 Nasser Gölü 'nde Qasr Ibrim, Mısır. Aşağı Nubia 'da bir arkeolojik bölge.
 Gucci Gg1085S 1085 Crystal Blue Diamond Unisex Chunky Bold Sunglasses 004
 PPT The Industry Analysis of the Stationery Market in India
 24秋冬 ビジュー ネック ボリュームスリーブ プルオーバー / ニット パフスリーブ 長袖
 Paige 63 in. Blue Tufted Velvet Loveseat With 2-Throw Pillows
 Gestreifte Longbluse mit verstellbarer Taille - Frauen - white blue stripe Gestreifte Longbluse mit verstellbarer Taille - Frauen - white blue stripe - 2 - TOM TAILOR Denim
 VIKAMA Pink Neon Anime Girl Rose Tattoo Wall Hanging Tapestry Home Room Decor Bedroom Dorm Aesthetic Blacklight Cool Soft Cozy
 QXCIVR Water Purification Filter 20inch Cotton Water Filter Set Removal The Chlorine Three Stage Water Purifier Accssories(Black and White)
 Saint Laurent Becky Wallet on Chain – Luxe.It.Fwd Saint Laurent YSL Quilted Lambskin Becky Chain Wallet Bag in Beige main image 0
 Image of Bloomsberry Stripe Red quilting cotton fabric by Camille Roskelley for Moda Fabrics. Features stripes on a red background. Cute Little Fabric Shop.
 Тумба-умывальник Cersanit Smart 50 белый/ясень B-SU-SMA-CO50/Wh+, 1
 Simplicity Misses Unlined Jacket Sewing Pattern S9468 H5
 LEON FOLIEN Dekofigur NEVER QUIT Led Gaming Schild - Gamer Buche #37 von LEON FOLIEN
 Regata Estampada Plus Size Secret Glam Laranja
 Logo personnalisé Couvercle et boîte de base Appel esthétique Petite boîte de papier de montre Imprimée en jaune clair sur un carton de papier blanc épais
══════════════════════════════
- Work task
Starting at the line that contains "Simplicity Misses Unlined", copy each line through the last line of the listing, and copy nothing else.

- Response to the task
 Simplicity Misses Unlined Jacket Sewing Pattern S9468 H5
 LEON FOLIEN Dekofigur NEVER QUIT Led Gaming Schild - Gamer Buche #37 von LEON FOLIEN
 Regata Estampada Plus Size Secret Glam Laranja
 Logo personnalisé Couvercle et boîte de base Appel esthétique Petite boîte de papier de montre Imprimée en jaune clair sur un carton de papier blanc épais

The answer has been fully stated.